● Task requirements
Among the lines below, restate word for word only those from the line with "Штани велюрові чорні брюки Juicy couture" through the line with "मनोहर लाल की अंत्योदय की सोच से", with both end lines kept.

● Data
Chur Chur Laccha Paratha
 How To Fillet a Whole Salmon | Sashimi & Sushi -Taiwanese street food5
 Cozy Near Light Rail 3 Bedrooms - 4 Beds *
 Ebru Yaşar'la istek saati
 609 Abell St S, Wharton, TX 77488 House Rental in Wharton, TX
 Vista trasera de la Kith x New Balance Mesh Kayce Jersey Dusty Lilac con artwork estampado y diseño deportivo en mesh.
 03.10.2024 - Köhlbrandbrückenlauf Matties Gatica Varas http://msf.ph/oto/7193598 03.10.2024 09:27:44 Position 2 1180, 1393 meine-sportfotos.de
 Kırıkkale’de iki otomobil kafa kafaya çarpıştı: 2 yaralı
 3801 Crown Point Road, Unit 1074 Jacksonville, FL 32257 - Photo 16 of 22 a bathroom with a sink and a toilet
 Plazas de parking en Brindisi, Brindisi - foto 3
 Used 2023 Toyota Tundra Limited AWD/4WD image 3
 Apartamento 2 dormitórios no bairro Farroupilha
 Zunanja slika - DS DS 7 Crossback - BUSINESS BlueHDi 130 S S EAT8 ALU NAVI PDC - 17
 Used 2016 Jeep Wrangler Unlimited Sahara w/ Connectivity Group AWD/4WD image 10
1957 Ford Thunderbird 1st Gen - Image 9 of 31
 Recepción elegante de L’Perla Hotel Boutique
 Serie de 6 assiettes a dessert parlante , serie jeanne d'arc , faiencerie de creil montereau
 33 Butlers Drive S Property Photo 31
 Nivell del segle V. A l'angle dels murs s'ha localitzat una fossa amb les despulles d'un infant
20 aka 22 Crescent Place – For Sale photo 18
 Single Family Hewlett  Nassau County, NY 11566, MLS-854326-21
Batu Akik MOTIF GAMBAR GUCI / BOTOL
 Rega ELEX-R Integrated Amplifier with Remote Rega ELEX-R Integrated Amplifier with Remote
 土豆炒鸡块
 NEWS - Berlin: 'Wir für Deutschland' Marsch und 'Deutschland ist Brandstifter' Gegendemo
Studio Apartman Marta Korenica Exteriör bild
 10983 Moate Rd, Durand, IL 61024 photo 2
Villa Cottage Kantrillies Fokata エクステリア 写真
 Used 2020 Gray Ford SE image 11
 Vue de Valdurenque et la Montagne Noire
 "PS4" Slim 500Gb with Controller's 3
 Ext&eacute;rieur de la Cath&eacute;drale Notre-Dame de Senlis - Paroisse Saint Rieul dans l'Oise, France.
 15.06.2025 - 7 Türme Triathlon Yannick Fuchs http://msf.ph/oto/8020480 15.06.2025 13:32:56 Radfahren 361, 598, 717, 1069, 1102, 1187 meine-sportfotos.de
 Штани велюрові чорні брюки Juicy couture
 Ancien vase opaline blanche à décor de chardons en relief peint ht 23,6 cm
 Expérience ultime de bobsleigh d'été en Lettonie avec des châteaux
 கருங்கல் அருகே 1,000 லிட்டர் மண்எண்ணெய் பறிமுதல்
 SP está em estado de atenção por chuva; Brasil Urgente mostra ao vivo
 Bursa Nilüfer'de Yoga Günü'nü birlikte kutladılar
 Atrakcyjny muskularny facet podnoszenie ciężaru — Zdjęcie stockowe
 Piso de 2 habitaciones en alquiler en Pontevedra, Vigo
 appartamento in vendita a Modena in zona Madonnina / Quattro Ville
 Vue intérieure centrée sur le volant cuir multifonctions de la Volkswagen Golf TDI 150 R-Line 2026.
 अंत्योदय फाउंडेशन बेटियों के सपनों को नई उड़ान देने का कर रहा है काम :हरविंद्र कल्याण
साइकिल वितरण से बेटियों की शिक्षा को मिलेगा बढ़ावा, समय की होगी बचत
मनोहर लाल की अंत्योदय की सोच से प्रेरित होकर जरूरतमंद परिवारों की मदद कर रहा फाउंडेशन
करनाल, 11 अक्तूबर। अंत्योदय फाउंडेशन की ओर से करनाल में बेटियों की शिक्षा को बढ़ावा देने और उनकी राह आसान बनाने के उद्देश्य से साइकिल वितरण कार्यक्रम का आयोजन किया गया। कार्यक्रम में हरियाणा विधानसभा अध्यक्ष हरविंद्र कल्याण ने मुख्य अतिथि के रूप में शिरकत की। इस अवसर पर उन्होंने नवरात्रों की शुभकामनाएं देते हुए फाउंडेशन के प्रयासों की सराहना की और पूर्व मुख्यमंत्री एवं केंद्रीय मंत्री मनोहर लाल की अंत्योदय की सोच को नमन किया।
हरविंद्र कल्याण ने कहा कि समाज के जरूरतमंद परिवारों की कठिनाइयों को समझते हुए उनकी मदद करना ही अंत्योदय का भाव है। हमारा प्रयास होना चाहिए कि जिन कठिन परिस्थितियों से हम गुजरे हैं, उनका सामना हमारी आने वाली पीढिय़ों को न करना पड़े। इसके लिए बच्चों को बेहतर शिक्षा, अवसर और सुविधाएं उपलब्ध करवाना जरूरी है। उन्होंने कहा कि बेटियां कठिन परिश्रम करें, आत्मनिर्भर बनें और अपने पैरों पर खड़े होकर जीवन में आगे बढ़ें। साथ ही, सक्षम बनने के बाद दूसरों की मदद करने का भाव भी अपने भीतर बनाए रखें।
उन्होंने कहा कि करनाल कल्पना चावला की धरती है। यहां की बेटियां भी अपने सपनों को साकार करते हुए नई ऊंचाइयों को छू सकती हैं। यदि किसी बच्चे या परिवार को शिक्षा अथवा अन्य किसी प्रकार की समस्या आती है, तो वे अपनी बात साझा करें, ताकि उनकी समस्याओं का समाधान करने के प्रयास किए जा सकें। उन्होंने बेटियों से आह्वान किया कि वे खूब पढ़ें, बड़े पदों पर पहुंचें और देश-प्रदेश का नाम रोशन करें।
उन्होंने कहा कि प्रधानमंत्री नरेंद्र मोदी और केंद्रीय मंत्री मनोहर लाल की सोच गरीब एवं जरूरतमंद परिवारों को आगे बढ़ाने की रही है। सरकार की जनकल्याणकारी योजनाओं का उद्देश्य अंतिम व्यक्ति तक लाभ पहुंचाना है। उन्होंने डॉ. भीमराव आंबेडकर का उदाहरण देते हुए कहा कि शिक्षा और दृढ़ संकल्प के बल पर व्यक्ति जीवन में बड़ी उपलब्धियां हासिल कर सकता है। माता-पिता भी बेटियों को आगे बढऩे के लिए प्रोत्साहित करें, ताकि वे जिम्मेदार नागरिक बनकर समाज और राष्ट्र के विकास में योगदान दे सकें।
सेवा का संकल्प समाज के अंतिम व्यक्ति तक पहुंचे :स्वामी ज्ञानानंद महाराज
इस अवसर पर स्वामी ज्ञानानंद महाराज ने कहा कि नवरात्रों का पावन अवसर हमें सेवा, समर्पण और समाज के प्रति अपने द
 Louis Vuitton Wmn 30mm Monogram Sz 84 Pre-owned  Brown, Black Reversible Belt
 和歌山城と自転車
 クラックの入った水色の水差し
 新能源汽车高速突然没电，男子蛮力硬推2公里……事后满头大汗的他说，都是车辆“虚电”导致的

● Exercise response
 Штани велюрові чорні брюки Juicy couture
 Ancien vase opaline blanche à décor de chardons en relief peint ht 23,6 cm
 Expérience ultime de bobsleigh d'été en Lettonie avec des châteaux
 கருங்கல் அருகே 1,000 லிட்டர் மண்எண்ணெய் பறிமுதல்
 SP está em estado de atenção por chuva; Brasil Urgente mostra ao vivo
 Bursa Nilüfer'de Yoga Günü'nü birlikte kutladılar
 Atrakcyjny muskularny facet podnoszenie ciężaru — Zdjęcie stockowe
 Piso de 2 habitaciones en alquiler en Pontevedra, Vigo
 appartamento in vendita a Modena in zona Madonnina / Quattro Ville
 Vue intérieure centrée sur le volant cuir multifonctions de la Volkswagen Golf TDI 150 R-Line 2026.
 अंत्योदय फाउंडेशन बेटियों के सपनों को नई उड़ान देने का कर रहा है काम :हरविंद्र कल्याण
साइकिल वितरण से बेटियों की शिक्षा को मिलेगा बढ़ावा, समय की होगी बचत
मनोहर लाल की अंत्योदय की सोच से प्रेरित होकर जरूरतमंद परिवारों की मदद कर रहा फाउंडेशन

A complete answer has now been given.